Every line below between the line holding "MT2482 贴片SOP8 全新原装 高效同步单输出降压转换器芯片IC" and the line holding "جهان اسلام فکری", inclusive, should be repeated exactly, and all other lines omitted.

# Exercise inputs

—————

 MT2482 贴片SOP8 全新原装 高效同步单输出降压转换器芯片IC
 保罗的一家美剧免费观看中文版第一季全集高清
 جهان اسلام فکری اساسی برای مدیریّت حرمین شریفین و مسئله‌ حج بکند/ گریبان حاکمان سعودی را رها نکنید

—————

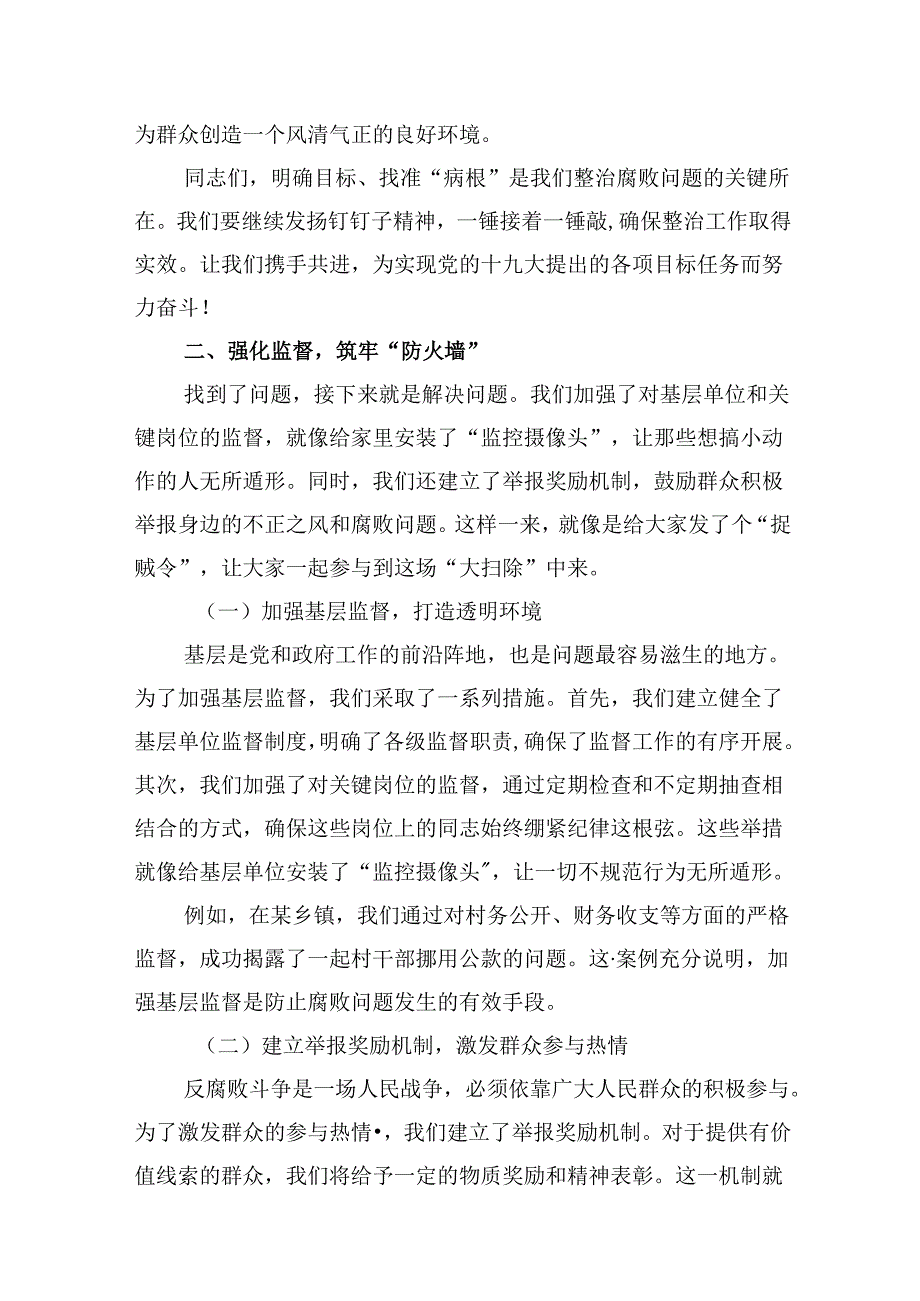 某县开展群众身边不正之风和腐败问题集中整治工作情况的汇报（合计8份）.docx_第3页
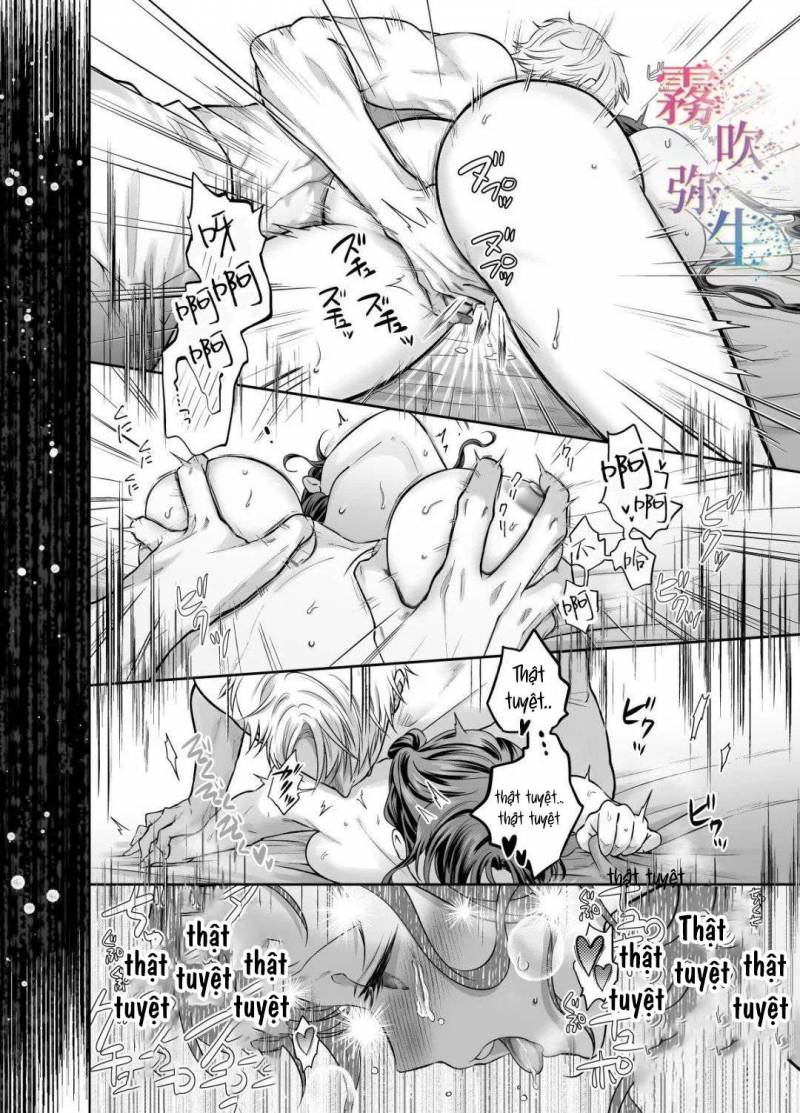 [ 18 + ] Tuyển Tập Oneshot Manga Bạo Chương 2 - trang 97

—————

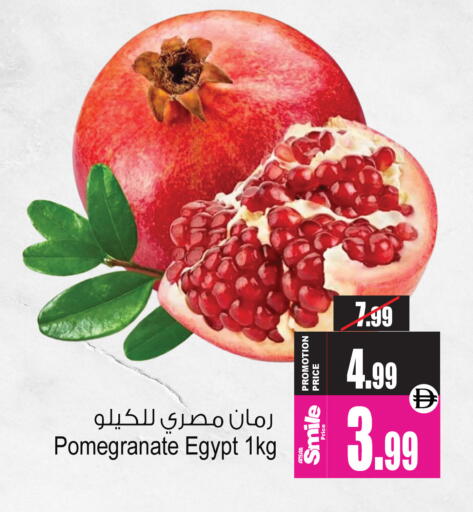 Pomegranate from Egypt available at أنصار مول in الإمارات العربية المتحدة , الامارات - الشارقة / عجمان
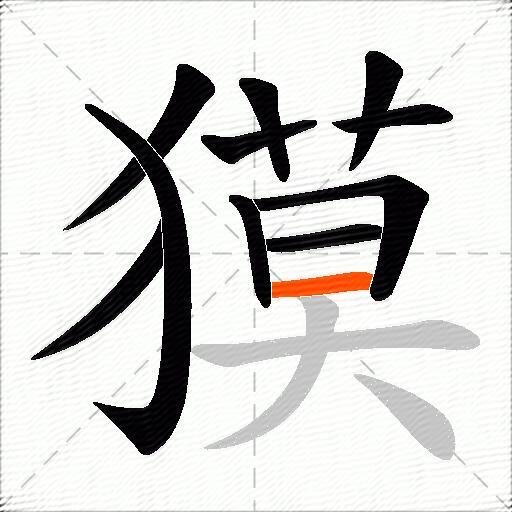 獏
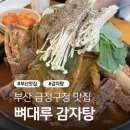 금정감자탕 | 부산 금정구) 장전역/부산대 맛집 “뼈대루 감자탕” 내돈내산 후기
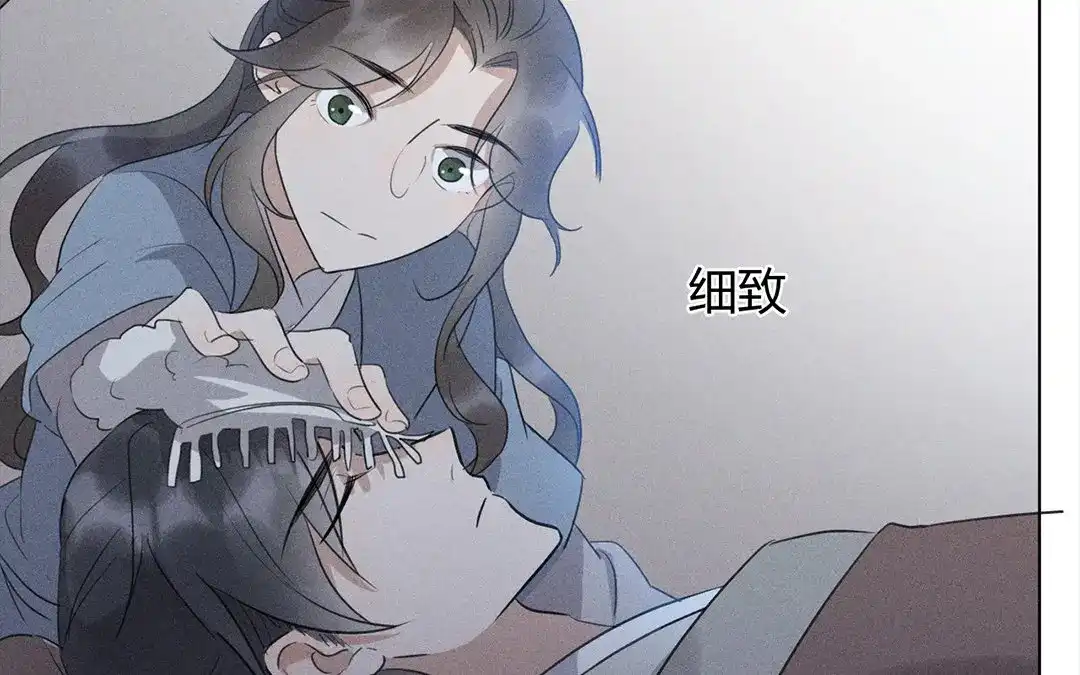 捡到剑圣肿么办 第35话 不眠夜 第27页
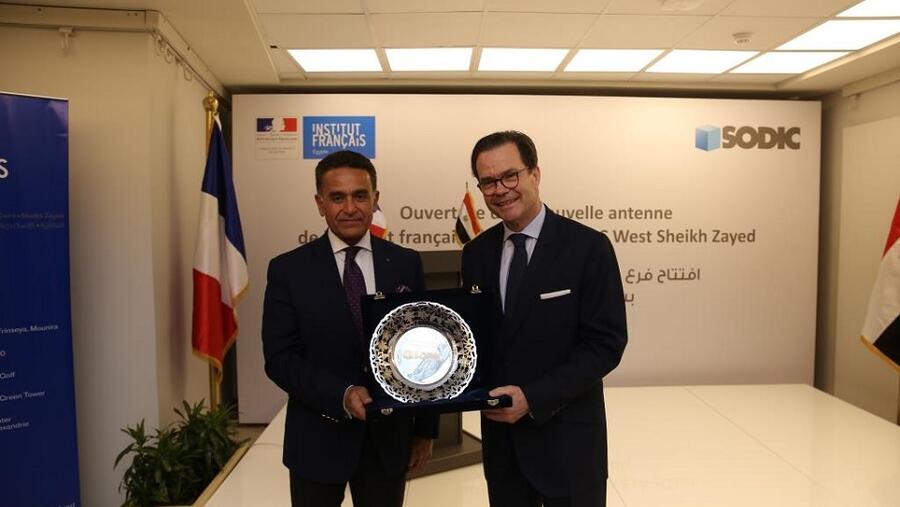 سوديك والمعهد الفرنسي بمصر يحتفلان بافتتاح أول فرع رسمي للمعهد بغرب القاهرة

—————

# Solved problem
 MT2482 贴片SOP8 全新原装 高效同步单输出降压转换器芯片IC
 保罗的一家美剧免费观看中文版第一季全集高清
 جهان اسلام فکری اساسی برای مدیریّت حرمین شریفین و مسئله‌ حج بکند/ گریبان حاکمان سعودی را رها نکنید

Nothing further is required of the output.